Exercise: Beginning with the line containing "3.23 carats Yellow" and ending at the last line of the data, set down every line exactly, leaving out all pictures.

Source data:
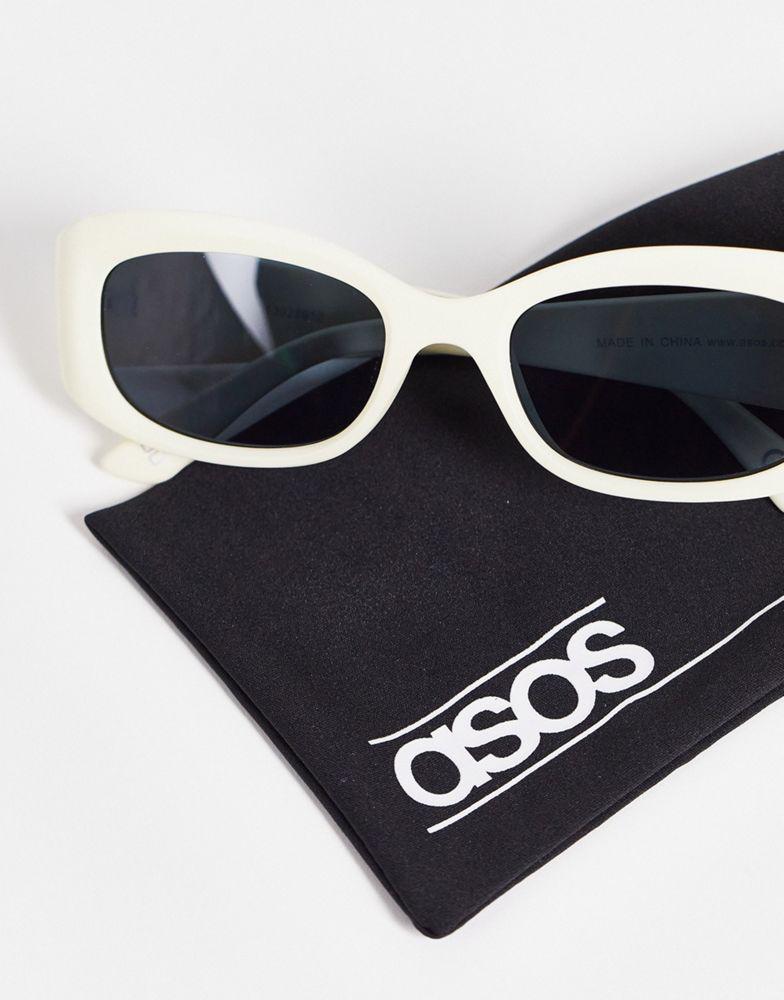 ASOS DESIGN 90s oval sunglasses in rubberised frame with smoke lens  - BEIGE商品第4张图片规格展示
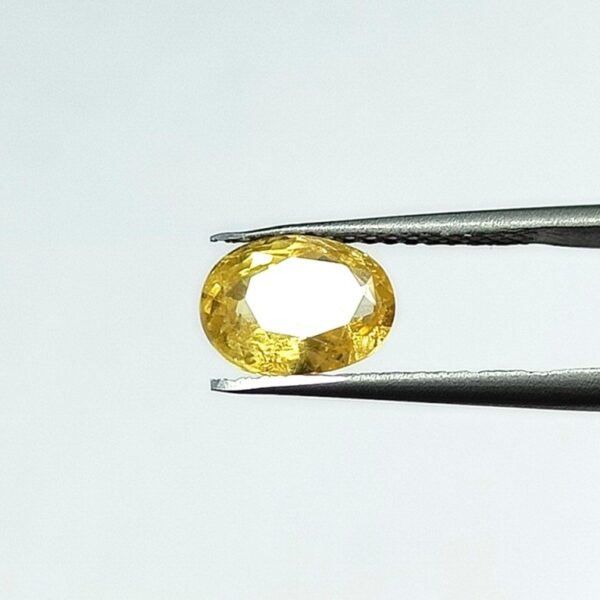 3.23 carats Yellow Sapphire ( 3.25 ratti ) - Image 3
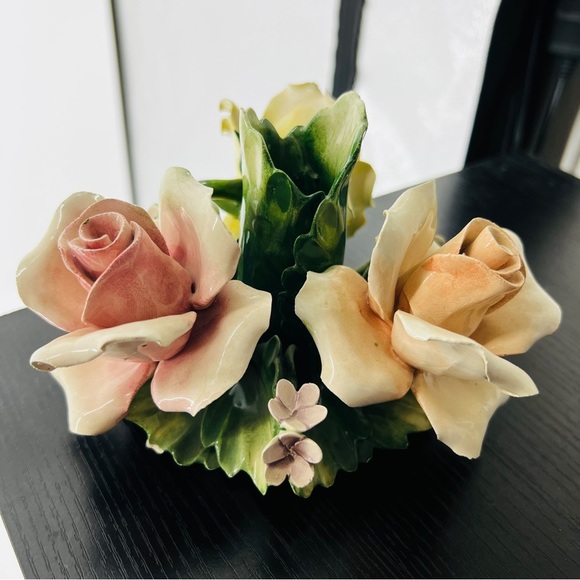 Vintage Capodimonte Handmade Porcelain Flower Candlestick Holder, Italy 1950’s - Picture 5 of 15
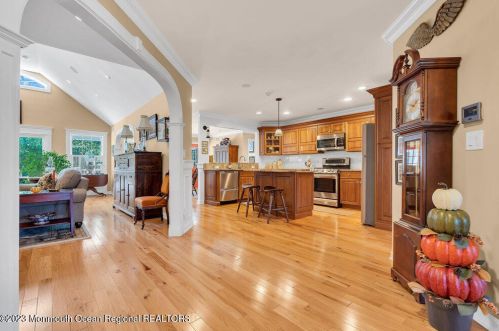 298 Trenton Ave, Berkeley Township NJ 08721-2315 exterior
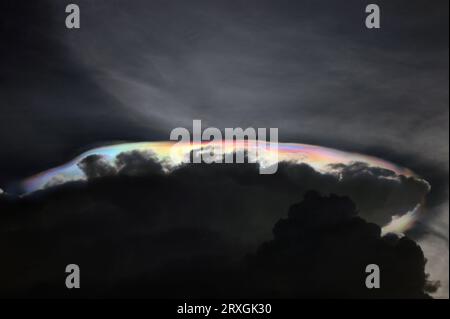 Dhaka, Dhaka, Bangladesh. 25 septembre 2023. Un rare nuage irisé multicolore est visible dans le ciel de Dhaka. Les nuages irisés, également appelés ''arc-en-ciel de feu'' ou ''nuages arc-en-ciel'', se produisent lorsque la lumière du soleil se reflète sur les gouttelettes d'eau dans l'atmosphère. (Image de crédit : © Syed Mahabubul Kader/ZUMA Press Wire) USAGE ÉDITORIAL SEULEMENT! Non destiné à UN USAGE commercial ! Crédit : ZUMA Press, Inc./Alamy Live News Banque D'Images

Exercise result:
 3.23 carats Yellow Sapphire ( 3.25 ratti ) - Image 3
 Vintage Capodimonte Handmade Porcelain Flower Candlestick Holder, Italy 1950’s - Picture 5 of 15
 298 Trenton Ave, Berkeley Township NJ 08721-2315 exterior
 Dhaka, Dhaka, Bangladesh. 25 septembre 2023. Un rare nuage irisé multicolore est visible dans le ciel de Dhaka. Les nuages irisés, également appelés ''arc-en-ciel de feu'' ou ''nuages arc-en-ciel'', se produisent lorsque la lumière du soleil se reflète sur les gouttelettes d'eau dans l'atmosphère. (Image de crédit : © Syed Mahabubul Kader/ZUMA Press Wire) USAGE ÉDITORIAL SEULEMENT! Non destiné à UN USAGE commercial ! Crédit : ZUMA Press, Inc./Alamy Live News Banque D'Images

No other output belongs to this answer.